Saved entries
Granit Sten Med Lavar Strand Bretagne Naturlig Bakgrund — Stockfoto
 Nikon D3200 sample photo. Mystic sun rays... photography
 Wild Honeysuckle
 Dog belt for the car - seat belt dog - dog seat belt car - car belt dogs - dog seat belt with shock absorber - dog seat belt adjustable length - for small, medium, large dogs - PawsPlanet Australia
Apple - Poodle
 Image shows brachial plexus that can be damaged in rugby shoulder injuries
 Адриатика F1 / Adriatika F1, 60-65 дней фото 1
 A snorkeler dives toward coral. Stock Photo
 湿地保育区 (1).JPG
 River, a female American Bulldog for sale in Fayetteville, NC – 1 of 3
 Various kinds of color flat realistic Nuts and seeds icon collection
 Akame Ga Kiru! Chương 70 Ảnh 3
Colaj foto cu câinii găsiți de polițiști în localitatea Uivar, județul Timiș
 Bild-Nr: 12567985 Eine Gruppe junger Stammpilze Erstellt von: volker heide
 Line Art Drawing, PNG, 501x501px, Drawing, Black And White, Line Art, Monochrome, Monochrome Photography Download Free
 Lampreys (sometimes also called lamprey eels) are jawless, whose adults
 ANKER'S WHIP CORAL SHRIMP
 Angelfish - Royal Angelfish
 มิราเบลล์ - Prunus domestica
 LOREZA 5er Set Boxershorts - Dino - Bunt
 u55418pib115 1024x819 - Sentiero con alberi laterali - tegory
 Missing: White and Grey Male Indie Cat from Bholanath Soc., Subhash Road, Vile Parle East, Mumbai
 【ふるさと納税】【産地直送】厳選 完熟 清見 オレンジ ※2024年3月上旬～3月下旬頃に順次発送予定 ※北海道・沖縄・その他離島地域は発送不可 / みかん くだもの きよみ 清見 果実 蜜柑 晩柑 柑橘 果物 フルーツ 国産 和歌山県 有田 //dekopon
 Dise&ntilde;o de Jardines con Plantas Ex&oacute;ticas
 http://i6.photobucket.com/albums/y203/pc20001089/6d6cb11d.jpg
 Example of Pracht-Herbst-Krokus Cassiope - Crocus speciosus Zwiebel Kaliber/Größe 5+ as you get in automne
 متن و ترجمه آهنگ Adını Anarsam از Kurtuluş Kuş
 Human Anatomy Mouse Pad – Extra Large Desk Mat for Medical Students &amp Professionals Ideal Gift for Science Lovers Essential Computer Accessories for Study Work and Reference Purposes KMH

**What is expected**
Read the data above and pull out each line that holds the string "White".

**Task solution**
 Line Art Drawing, PNG, 501x501px, Drawing, Black And White, Line Art, Monochrome, Monochrome Photography Download Free
 Missing: White and Grey Male Indie Cat from Bholanath Soc., Subhash Road, Vile Parle East, Mumbai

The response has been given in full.